02-02-2015 – 17:31:48
Mesmo com uma queda superior aos 4% em 2015, a ação preferencial do Itaú Unibanco foi a mais recomendada pelas corretoras e bancos de investimento para o mês de fevereiro. Sete de dez casas – BB Investimentos, Bradesco BBI, Santander, Citi Corretora, Votorantim Corretora, Banco Fator, UM Investimentos, Planner, Spinelli e Concórdia – recomendaram o papel do banco para fevereiro. Em segundo lugar, com cinco indicações, aparecem as ações da Suzano Papel e Celulose e da BB Seguridade.

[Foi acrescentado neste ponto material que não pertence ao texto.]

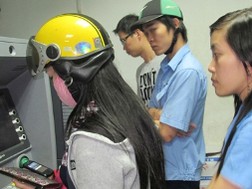 Nhiều công nhân xếp hàng chờ rút tiền bên máy ATM ở KCX Tân Thuận, TP.HCM tối 30-1. Ảnh: Ánh Hồng .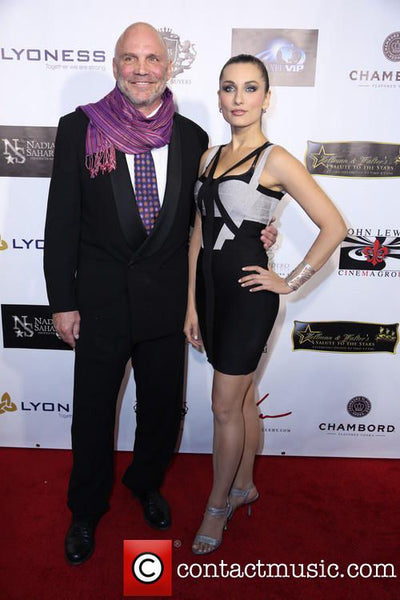 Man and woman posing on a red carpet event with a branded backdrop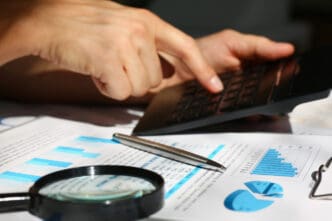A close-up of a person's hands operating a calculator, with financial charts, graphs, a magnifying glass, and a pen on a desk, symbolizing a financial audit.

“Temos uma visão positiva sobre o Itaú em função dos fortes resultados que o banco tem apresentado”, escreveram os economistas Dalton Gardimam e Carlos Firetti, do Bradesco BBI, em relatório. O Itaú divulga seus resultados do quarto trimestre e de 2014 nesta terça-feira, 3. No terceiro trimestre do ano passado, o lucro do banco aumentou em 35%, para R$ 5,4 bilhões. Os economistas do Bradesco projetam um crescimento no lucro por ação do Itaú de 27,8% em 2014, e de 7,1% em 2015. Ao longo de 2014, as ações preferenciais do Itaú tiveram valorização de 10,3% (o Ibovespa caiu 2,9% no período).
Além de uma mudança no mix da carteira promovida nos últimos três anos, os especialistas destacam ainda que o Itaú, percebendo as condições macroeconômicas menos favoráveis, reduziu sua originação de crédito. “Por conta disso, mesmo com um cenário econômico mais fraco, não esperamos uma deterioração na qualidade do crédito que impacte os resultados do Itaú”, dizem os economistas do Bradesco.
O segundo papel mais recomendado para fevereiro, da Suzano Papel e Celulose, apresenta queda de 1,6% em 2015, e apreciou 21,7% em 2014. Para os analistas da corretora do Citi, o ritmo da desalavancagem operacional da companhia deve se acelerar com o aumento de produção na planta de celulose no Maranhão. Eles lembram ainda que a desvalorização cambial é positiva para o desempenho operacional da Suzano, e que o preço da celulose próximo da mínima histórica pode favorecer uma recomposição de estoques por parte da China.
A outra ação com cinco recomendações para fevereiro, o papel da BB Seguridade cai 6,7% em 2015, e subiu 31,2% em 2014. Para Daniel Utsch, do Banco Fator, a BB Seguridade deve continuar crescendo a taxas superiores ao mercado por pelo meno mais dois anos. O especialista destaca também que a base de clientes do BB ainda é pouco penetrada, em termos de produtos de seguros, se comparado com o Bradesco, e que os resultados financeiros da companhia devem ser impulsionados pelo aumento na taxa básica de juros. “Além disso, a companhia não depende apenas dos resultados financeiros, dado seu alto nível de eficiência operacional. E o início da operação da Brasil Dental, e a exigência de contratação de seguros rurais para empréstimos subsidiados devem impulsionar o negócio em 2015”, diz Utsch, em relatório.
Ficaram empatadas com quatro recomendações cada as ações da BRF, Pão de Açúcar, Ultrapar e Weg.